Your series above, as well as theta series, are both basic hypergeometric series.

There are different conventions for their notation; some such as Gasper and Rahman's notation make (powers of) the factor $(-1)^n q^{(n-1)n/2}$ explicit for some cases, but not others. In any event, regardless of the notation, these factors arise by changing variables and considering special cases. For example, the series in your question arises from Heine's series $$_2\phi_1(a,b,c;q;z) = \sum_{n\geq 0} \frac{(a)_n(b)_n}{(c)_n(q)_n}z^n$$ by setting $a=q^{1+t}$, $c=0$, making the change of variables $b\mapsto 1/b$, then $z\mapsto bz$, and finally setting $b=0$.

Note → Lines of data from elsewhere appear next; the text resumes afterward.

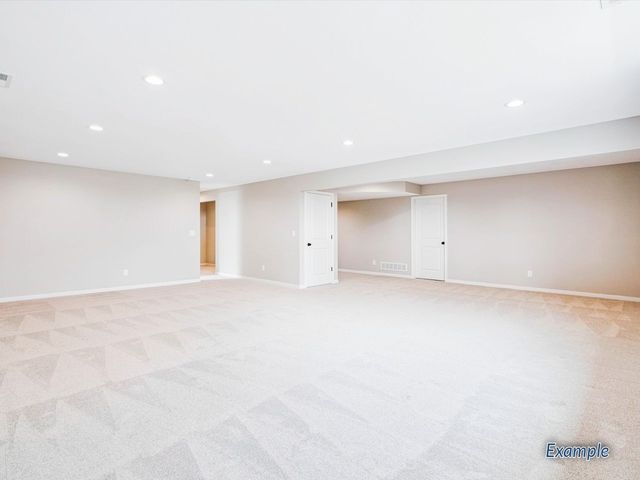 1280 Sand Prairie Drive, Iowa City, IA 52240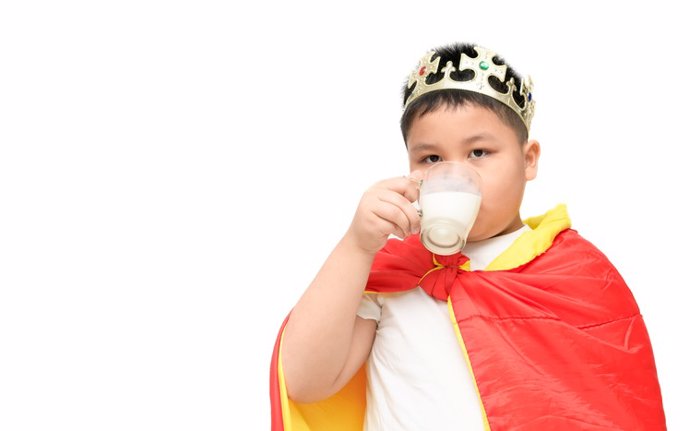 Archivo - Cute obese boy drinking milk isolated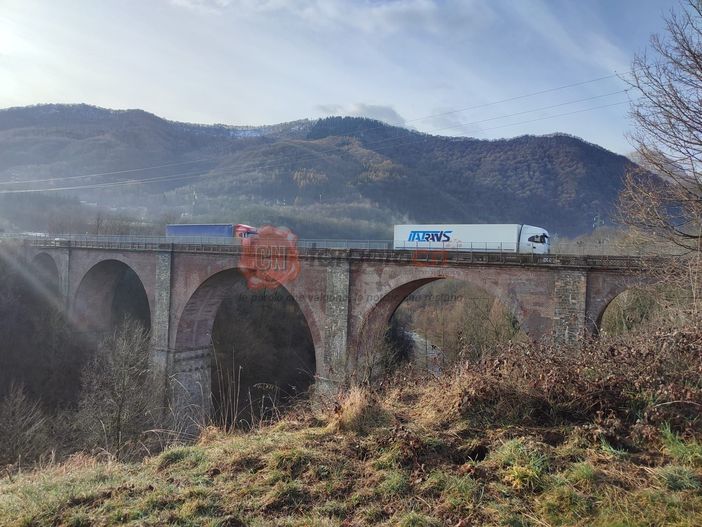 Ponte dell'Olla sulla statale 21, preoccupazione dopo i nuovi distacchi: domani un incontro in Prefettura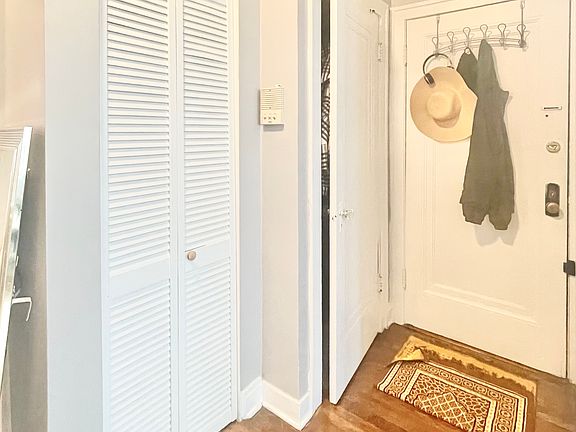 5th image of 2206 W Rosemont Ave #1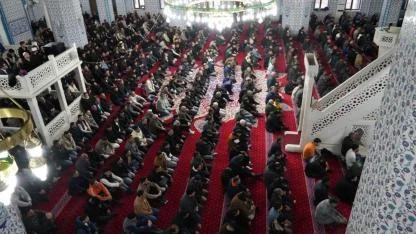 Güneşin Doğduğu İlk İlde Bayram Heyecanı: Iğdır Camilere Akın Etti!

The book linked above is essentially the bible for these series.

Had you looked at the modern definition of a $q$-hypergeometric function (from Gasper/Rahman, as noted in the previous answer), you would see that if the numerator and denominator parameters are equal, then there certainly is a $(-1)^n q^\binom{n}{2}$ factor in the sum's general term. Thus, with that definition, your function can be expressed as

$${}_1 \phi_1 \left({{q^{t+1}}\atop{0}}\middle|q;z\right)$$

Let's observe that $[n]_q!=1(1+q)(1+q+q^2)\cdots(1+q+\cdots+q^{n-1})=\frac{(q)_n}{(1-q)^n}$ so that \begin{align} \sum_{n\geq0}(-1)^nq^{\binom{n}2}z^n\frac{[n+t]_q!}{[n]_q![t]_q!} &=\sum_{n\geq0}(-1)^nq^{\binom{n}2}z^n\frac{(q)_{n+t}}{(q)_n(q)_t} \\ &=\sum_{n\geq0}(-1)^nq^{\binom{n}2}z^n\frac{(q^{t+1})_n}{(q)_n} \\ &=\lim_{\tau\rightarrow0}\,\,\, {}_2 \phi_1 \left({{\frac1{\tau},q^{t+1}}\atop{\tau}}\middle|\,\,q,z\tau\right) \\ &=\lim_{\tau\rightarrow0}\,\,\frac{(q^{t+1})_{\infty}(z)_{\infty}}{(\tau)_{\infty}(z\tau)_{\infty}}\,\,\cdot\,\, {}_2 \phi_1 \left({{\frac{\tau}{q^{t+1}},z\tau}\atop{z}}\middle|\,\,q,q^{t+1}\right) \\ &=(q^{t+1})_{\infty}(z)_{\infty}\,\sum_{n\geq0}\frac{q^{n(t+1)}}{(q)_n(z)_n}; \end{align} where we have applied a Heine transformation in the penultimate step.

Perhaps other Heine transformations would lead to something more interesting.